Wuhan (China): Indian Prime Minister Narendra Modi and Chinese President Xi Jinping have decided to issue "strategic guidance" to their militaries to strengthen communications and to build trust and understanding, a top Indian diplomat said on Saturday, a move aimed at avoiding a Dokalam-like situation in the future.
The two leaders have also agreed on a joint economic project in Afghanistan, sources said after the two-day summit ended Saturday.
Briefing reporters at the end of the two-day informal summit between the two leaders in the central Chinese city of Wuhan on Saturday, Indian Foreign Secretary Vijay Gokhale said the two leaders underscored the importance of maintaining peace and tranquility in all areas of the India-China border region.
"To this end, they issued strategic guidance to their respective militaries to strengthen communication in order to build trust and mutual understanding and enhance predictability and effectiveness in the management of border affairs," Gokhale said.
He said the two leaders further directed their militaries to earnestly implement various confidence building measures agreed upon between the two sides, including the principle of mutual and equal security, and strengthen existing institutional arrangements and information sharing mechanisms to prevent incidents in border regions.
They also endorsed the work of the special representatives to find a fair, reasonable and mutually acceptable settlement on the boundary issue.
"Prime Minister Modi and President Xi underlined that as two major countries India and China have wider and overlapping regional and global interests.
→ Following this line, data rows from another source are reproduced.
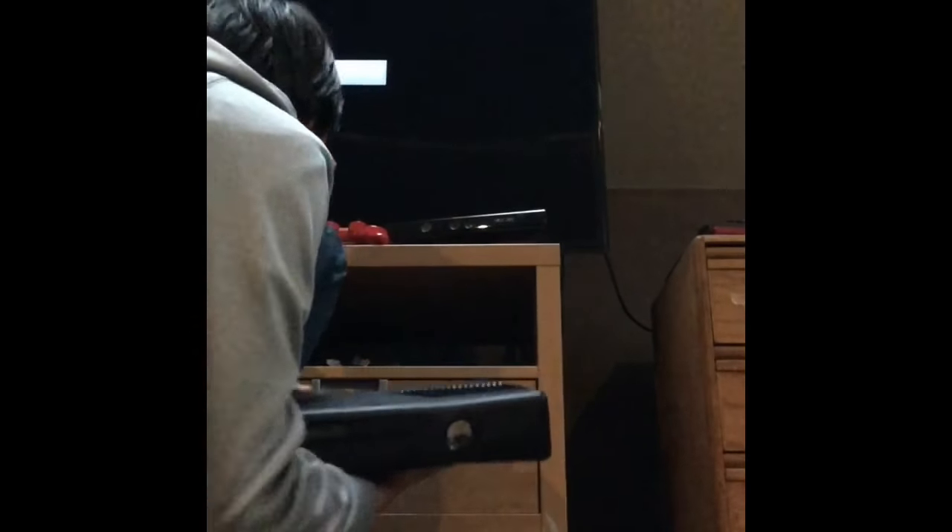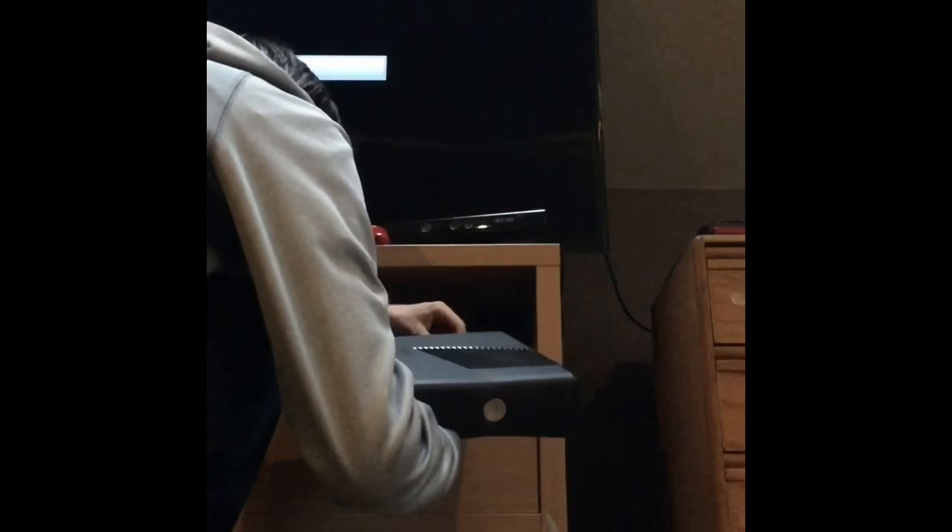All right, then you want to plug in everything. Start with the power cord — plug it back in. Then HDMI, connect the HDMI. Now, moment of truth — here we go.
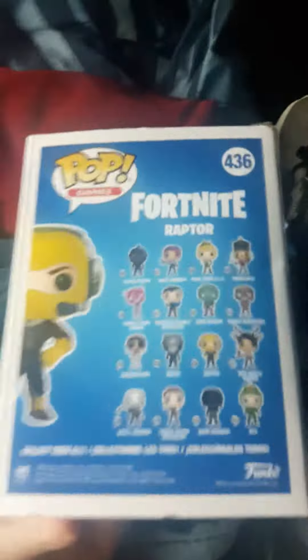This is a review on the Raptor Funko Pop, the box. Pretty good. I want some of these, I don't want all of them, because some of them I don't think look that cool.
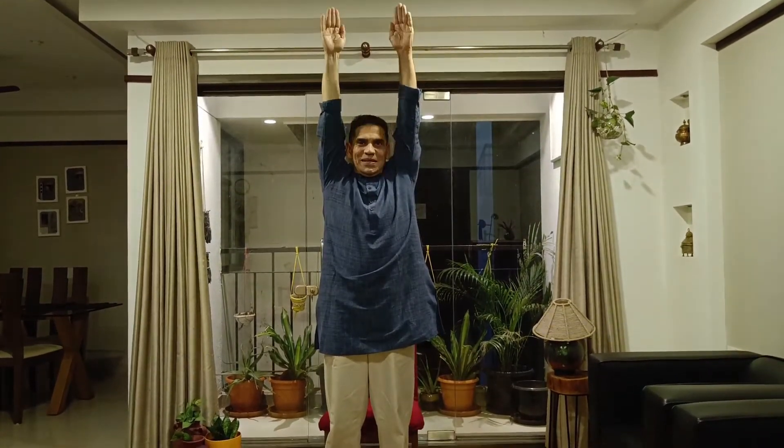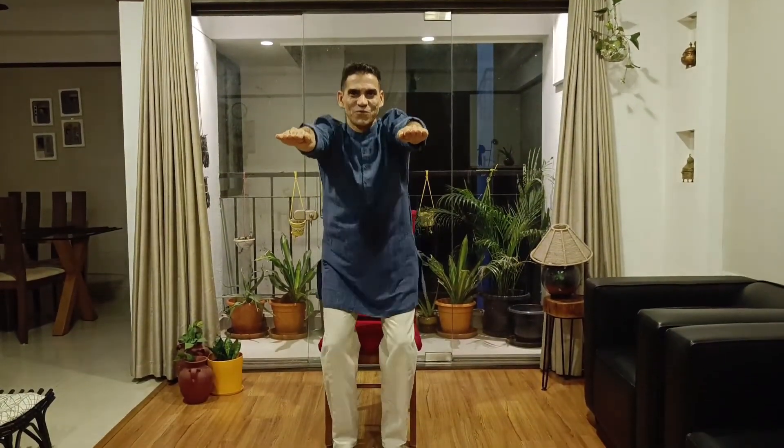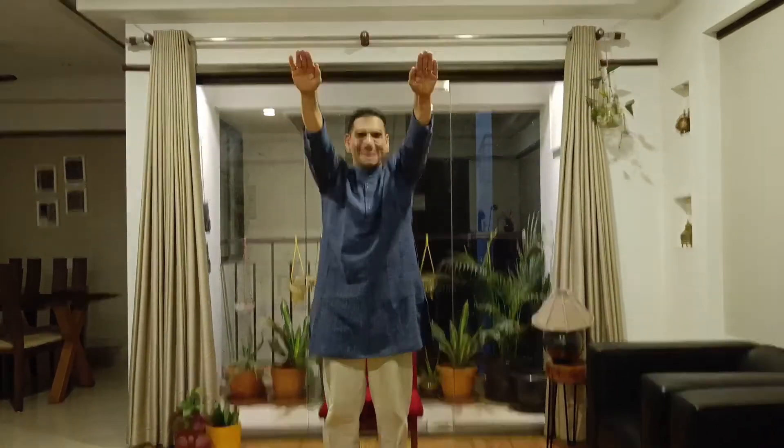So this was utkatasana. Just for your revision, we'll do it once again: one, two, three, four, five, six, seven and eight.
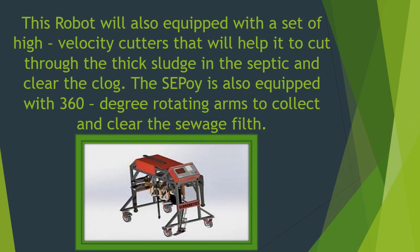This robot is also equipped with a set of high velocity cutters that will help it to cut through the thick sludge in the septic tank and clear the clog. The robot is also equipped with 360 degree rotating arms to collect and clear the sewage filth.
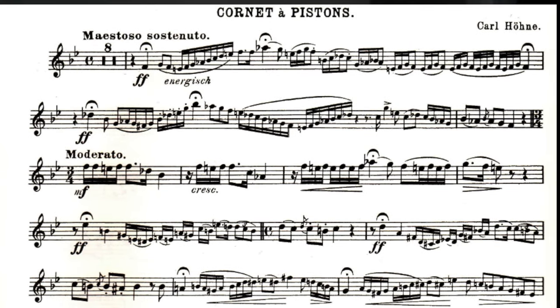In the opening cadenza, you want to start this with a bang — it's marked with energy. My general approach with written-out cadenzas is to play with freedom, but still be able to conduct along so that it makes good musical sense.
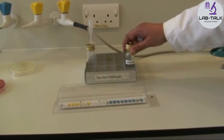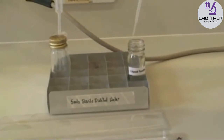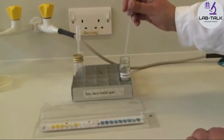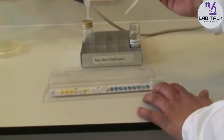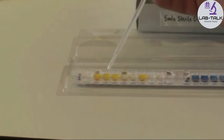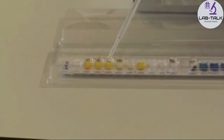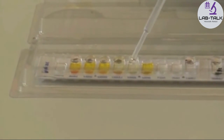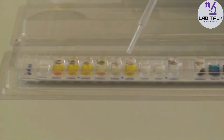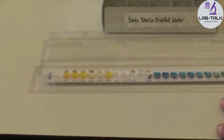Use liquid paraffin to top up some of the cupules — the ones that are underlined: LDA, ADH, LDC, H2S, and urea. By topping up with paraffin oil, we are simulating anaerobic conditions.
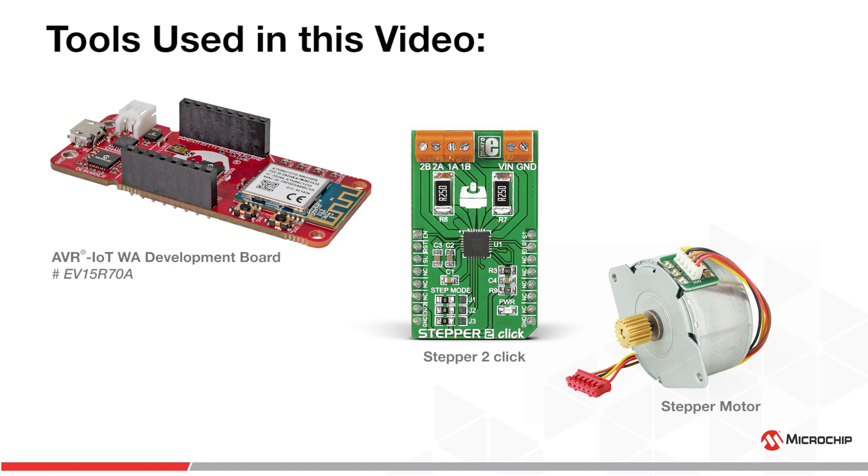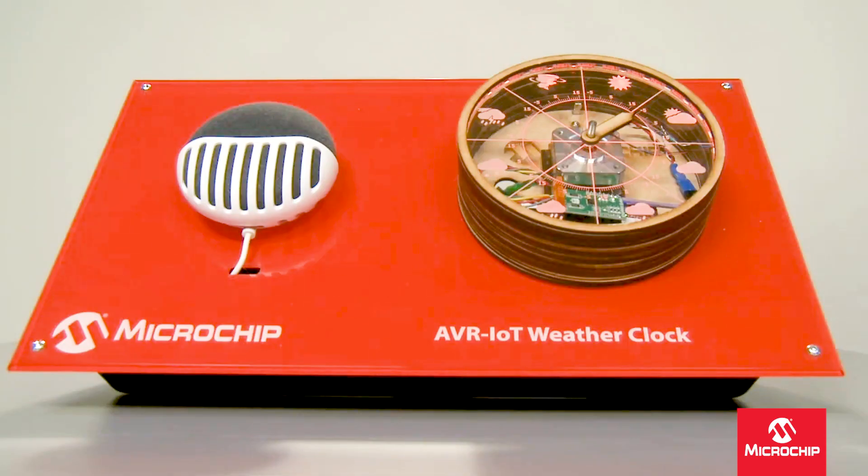Now here's Johan with the weather. Ok Google, talk to Microchip Weather Clock. Here's the test version of Microchip Weather Clock. What would you like the weather clock to do? Show the weather for London. The weather clock now displays London.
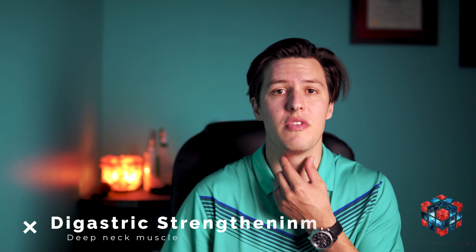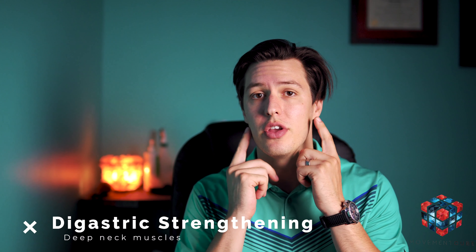Next we're gonna work some of these deep muscles down through here. Many times when you're using these muscles all the time without realizing it — when you get stressed and you start to brux — it causes these muscles to turn off because of the way our body works. So what we want to do here is take your tongue, push it into the roof of your mouth, and keep pushing there as you open your mouth all the way, just like that.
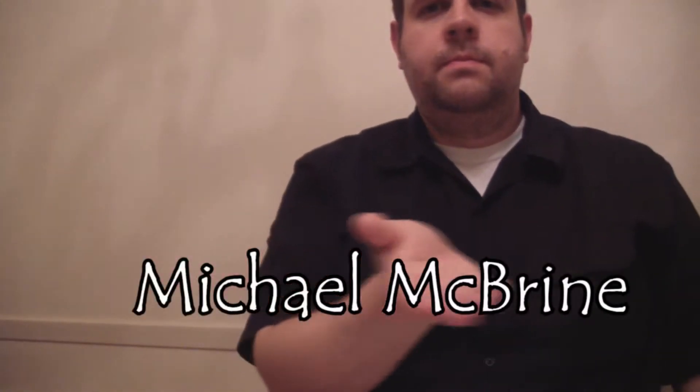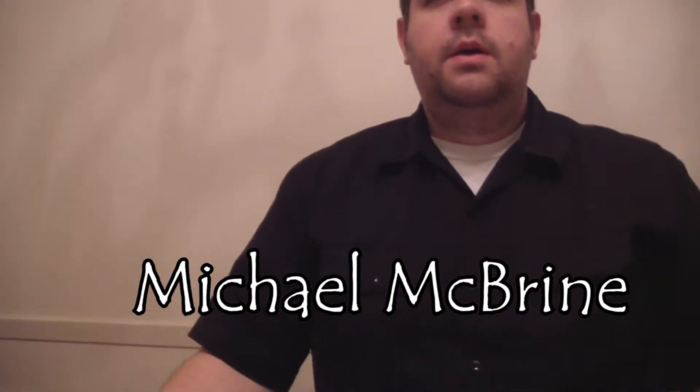Hello. Welcome to the World of Magic with Mike. I am your host, Michael McBride. I'm going to show you some magic tricks today.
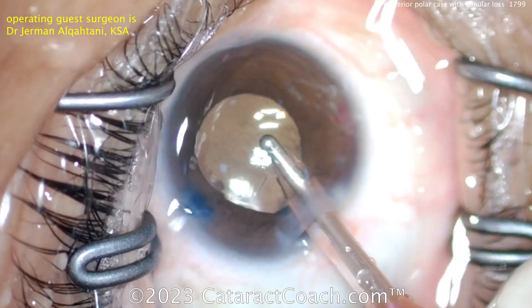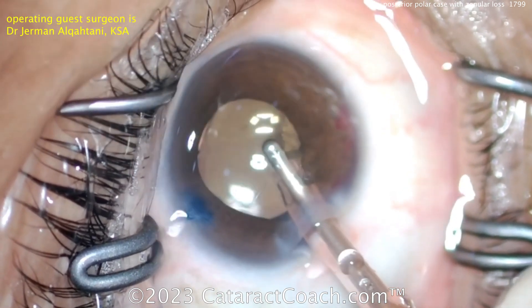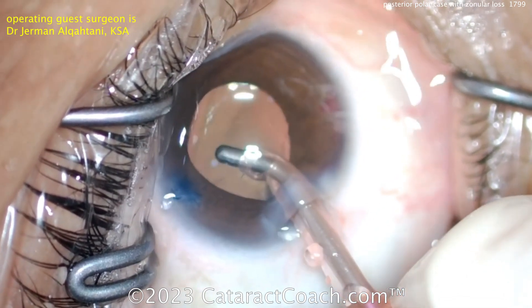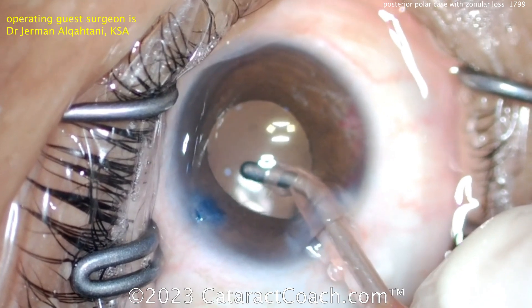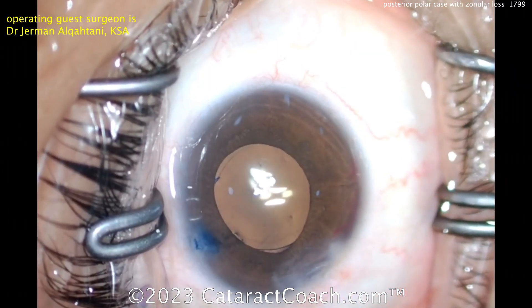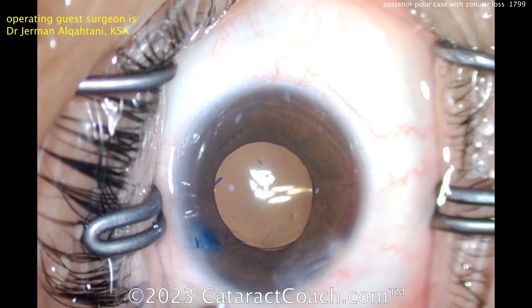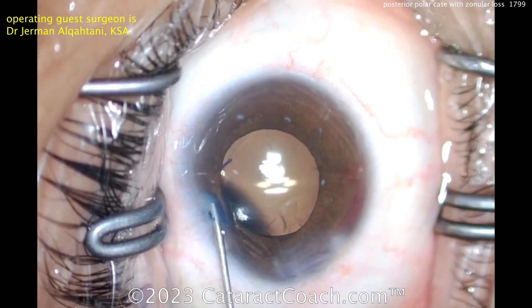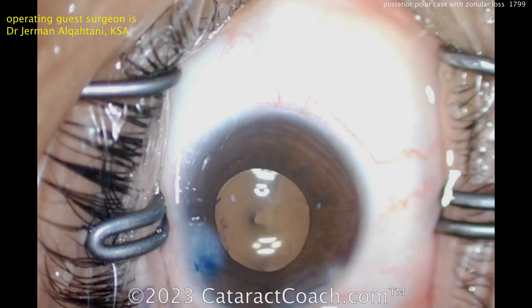Keep in mind posterior polar cases are tricky. My preferred technique is hydrodelineation — no hydrodissection — and then using a dispersive viscoelastic to perform viscodissection. Also, don't let the anterior chamber collapse or the bag collapse at the end of the case, and you can finish quite nicely. This looks like a beautiful outcome. Thanks for watching.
They agreed on their need to strengthen strategic communication through greater consultation on all matters of common interest. They believe that such strategic communication will have a positive influence on enhancing mutual understanding and will contribute to regional and global stability", a government statement said.
China-India relations date back centuries, but in recent decades have been characterised by competition for leadership in Asia. The countries fought a border war in 1962 and last year engaged in a 10-week standoff in the neighbouring state of Bhutan.
India has also been alarmed by China's moves to build strategic and economic ties with Indian Ocean nations including Sri Lanka, the Maldives and India's longtime rival Pakistan.
China resents India's hosting of the exiled Tibetan spiritual leader the Dalai Lama, and its control of territory Beijing says belongs to it.
China claims some 90,000sq km of territory in India's northeast, while India says China occupies 38,000sq km of its territory on the Aksai Chin Plateau in the western Himalayas.
The Wuhan summit should be seen as a conscientious attempt to steer ties in a new direction, said Wang Lian, a professor at Peking University's School of International Relations.